Neyse ki kısa zamanda fark ettim ve bu tehlikeyi savuşturdum. Bir diğer nokta ise şu; düşman ile ilk buluştuğunuz noktadan bir şekilde saklanarak farklı bir noktaya giderseniz, düşman sizi son gördüğü noktaya odaklanıyor ve siz ikinci bir etkileşime girmene kadar dikkatini sizi ilk gördüğü yöne veriyor, siz de böylece düşmanın üzerine sinsice yaklaşıp sürpriz yapabiliyorsunuz. Ancak yine de buna güvenip sakın gevşemeyin çünkü yine arada farklı noktalara ilerleyen askerler bulunuyor ve kendinizi bir anda çapraz ateş arasında kalabiliyorsunuz.
Alternative Ways
Bir diğer nokta ise yan görevlerdeki alternatif sonlar. Ancak DİKKAT! Bu bölüm hafiften SPOILER içerir.
İlk görevde Sarif binasına yapılan saldırıya misilleme yapmak ve daha önemlisi çalınan Typhoon silahını geri almak için eylemcilerin bulunduğu bölgeye girdiğinizde içeride tutsaklar olduğunu da öğreniyorsunuz.
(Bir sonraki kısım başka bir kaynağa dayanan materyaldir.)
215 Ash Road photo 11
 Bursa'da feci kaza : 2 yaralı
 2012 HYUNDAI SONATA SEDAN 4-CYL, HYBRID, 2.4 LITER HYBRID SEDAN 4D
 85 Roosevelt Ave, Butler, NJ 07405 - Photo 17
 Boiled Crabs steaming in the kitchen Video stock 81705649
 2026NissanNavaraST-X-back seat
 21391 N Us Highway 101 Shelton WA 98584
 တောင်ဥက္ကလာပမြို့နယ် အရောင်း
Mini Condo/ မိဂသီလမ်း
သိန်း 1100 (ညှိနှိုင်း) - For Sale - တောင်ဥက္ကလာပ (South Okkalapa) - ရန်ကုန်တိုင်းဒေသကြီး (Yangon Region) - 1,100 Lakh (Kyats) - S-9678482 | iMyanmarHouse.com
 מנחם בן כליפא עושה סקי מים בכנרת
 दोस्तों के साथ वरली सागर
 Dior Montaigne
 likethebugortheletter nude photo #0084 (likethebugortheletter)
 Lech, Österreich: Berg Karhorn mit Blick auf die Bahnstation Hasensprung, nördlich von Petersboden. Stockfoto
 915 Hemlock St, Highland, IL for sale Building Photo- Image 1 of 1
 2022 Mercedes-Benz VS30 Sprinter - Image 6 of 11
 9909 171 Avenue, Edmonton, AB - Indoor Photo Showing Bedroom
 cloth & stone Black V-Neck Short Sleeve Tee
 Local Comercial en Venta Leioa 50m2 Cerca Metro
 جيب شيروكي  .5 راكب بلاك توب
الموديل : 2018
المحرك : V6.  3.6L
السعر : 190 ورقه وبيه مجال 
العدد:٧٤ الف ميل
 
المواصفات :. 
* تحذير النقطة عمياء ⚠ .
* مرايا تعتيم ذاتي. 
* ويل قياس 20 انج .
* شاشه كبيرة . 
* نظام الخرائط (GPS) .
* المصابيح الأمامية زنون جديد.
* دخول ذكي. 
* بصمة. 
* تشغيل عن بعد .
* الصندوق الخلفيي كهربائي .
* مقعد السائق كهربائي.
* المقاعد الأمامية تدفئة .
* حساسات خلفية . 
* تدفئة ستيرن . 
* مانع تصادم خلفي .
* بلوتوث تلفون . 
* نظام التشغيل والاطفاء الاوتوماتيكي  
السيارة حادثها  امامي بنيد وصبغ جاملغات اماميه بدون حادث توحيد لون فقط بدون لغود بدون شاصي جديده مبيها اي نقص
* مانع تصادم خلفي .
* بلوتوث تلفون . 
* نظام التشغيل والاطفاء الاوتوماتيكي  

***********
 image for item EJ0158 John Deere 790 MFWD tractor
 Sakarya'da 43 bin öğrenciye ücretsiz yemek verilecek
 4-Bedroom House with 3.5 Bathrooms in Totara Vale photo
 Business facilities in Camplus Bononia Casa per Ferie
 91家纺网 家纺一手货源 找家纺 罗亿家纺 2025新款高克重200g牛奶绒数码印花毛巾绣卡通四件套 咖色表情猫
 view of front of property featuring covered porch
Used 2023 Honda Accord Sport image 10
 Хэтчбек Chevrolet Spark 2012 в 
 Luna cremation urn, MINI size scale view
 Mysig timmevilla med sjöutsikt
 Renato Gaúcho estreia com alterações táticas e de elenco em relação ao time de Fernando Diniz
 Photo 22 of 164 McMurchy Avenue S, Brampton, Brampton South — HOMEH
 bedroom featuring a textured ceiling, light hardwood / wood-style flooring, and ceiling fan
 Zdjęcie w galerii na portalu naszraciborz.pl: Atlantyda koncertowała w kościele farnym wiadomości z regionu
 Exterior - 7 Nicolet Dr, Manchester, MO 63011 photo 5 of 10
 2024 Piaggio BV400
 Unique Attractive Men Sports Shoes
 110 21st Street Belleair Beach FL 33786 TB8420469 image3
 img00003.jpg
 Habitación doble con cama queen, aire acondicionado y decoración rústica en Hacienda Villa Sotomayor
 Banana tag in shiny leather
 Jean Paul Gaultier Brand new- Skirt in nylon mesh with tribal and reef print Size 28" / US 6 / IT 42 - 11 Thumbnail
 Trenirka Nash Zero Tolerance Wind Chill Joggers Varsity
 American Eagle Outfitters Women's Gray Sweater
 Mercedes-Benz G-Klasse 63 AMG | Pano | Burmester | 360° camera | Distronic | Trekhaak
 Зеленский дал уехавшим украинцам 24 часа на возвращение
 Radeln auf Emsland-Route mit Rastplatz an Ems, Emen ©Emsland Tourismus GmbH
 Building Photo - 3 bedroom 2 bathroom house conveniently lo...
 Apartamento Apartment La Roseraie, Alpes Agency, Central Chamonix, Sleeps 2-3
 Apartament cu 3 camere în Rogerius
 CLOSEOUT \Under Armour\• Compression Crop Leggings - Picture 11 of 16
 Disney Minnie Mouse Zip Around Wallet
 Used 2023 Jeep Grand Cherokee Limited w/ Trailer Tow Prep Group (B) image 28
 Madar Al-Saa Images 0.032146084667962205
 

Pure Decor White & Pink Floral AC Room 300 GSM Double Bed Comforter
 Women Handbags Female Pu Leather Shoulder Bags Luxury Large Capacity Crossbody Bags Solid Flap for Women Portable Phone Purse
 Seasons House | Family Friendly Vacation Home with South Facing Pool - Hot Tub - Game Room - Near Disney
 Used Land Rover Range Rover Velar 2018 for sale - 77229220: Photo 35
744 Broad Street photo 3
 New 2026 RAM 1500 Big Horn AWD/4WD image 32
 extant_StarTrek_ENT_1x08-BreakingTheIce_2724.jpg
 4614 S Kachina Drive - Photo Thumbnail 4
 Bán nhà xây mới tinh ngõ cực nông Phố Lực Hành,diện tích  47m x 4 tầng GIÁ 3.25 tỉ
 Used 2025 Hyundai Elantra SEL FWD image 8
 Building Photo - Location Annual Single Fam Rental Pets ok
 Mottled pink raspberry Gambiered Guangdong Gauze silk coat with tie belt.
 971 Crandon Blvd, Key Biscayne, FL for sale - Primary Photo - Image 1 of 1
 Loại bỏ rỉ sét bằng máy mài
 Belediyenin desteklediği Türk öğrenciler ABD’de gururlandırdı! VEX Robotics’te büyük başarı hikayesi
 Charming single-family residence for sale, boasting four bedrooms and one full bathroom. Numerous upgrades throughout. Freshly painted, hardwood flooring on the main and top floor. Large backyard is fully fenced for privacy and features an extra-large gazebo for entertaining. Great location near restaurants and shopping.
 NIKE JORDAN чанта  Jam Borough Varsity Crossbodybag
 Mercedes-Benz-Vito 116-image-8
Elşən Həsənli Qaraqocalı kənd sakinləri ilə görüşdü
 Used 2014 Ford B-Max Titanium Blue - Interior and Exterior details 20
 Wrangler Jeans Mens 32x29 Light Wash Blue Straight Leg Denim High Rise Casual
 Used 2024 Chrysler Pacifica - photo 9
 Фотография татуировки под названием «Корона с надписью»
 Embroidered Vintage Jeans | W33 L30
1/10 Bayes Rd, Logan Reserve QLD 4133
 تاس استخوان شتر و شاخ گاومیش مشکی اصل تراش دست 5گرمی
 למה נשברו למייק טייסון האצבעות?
Bu yan görev ve yapmanız zorunlu değil ancak yapsanız dahi görevin sonu da size kalmış. Nitekim rehinelerin bulunduğu odaya girdiğinizde size hemen bağırıp çağırıyorlar ve masadaki bombayı durdurmanızı istiyorlar. Burada hacking yeteneğinizi kullanarak durdurabiliyor ya da bombanın patlamasına engel olamayıp insanların ölmesini izliyorsunuz. Sizin ciğerleriniz nano teknolojik değişimden pay aldığı için siz az bir güçle hayatta kalıyorsunuz. Bu anlattığım yan görevlerdeki seçim şansı özelliğinin en basiti, ilerleyen bölümlerde daha farklı durumlarla da karşılaşabiliyorsunuz.
Deus Ex: Human Revolution, ağustos ayında bizlerle olacak ve şu an için oldukça umut vaat edici gözüküyor. Heyecanla bekliyor ve ufak hatalarından giderildikten sonra yeni bir fenomene dönüşeceğini düşünüyoruz.